__GIVEN DATA__:
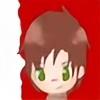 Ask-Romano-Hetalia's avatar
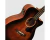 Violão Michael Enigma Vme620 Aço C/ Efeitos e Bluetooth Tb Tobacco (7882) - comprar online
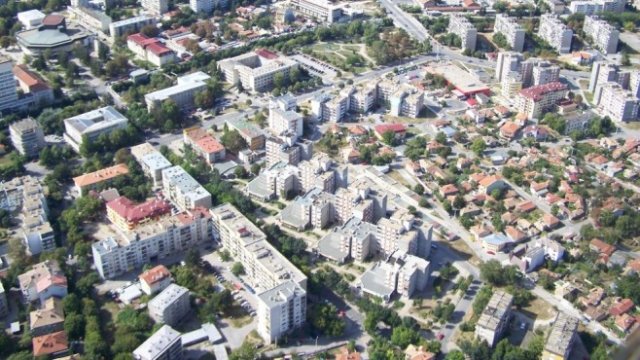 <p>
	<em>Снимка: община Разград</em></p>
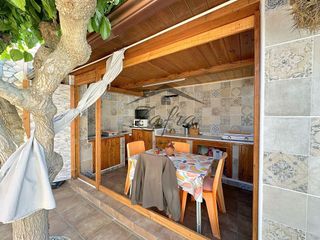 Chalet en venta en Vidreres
--
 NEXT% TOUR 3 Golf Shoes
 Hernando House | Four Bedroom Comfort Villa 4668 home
--
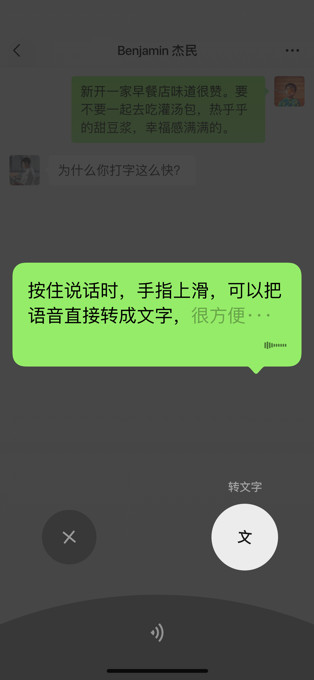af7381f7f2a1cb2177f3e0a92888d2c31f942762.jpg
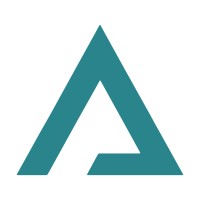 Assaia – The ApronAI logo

__WHAT TO DO__: From the records above, copy only the lines running from the line holding "Ask-Romano-Hetalia's avatar" through the line holding "Chalet en venta en Vidreres", with no pictures.

__WRITTEN RESPONSE__:
 Ask-Romano-Hetalia's avatar
 Violão Michael Enigma Vme620 Aço C/ Efeitos e Bluetooth Tb Tobacco (7882) - comprar online
 <p>
	<em>Снимка: община Разград</em></p>
 Chalet en venta en Vidreres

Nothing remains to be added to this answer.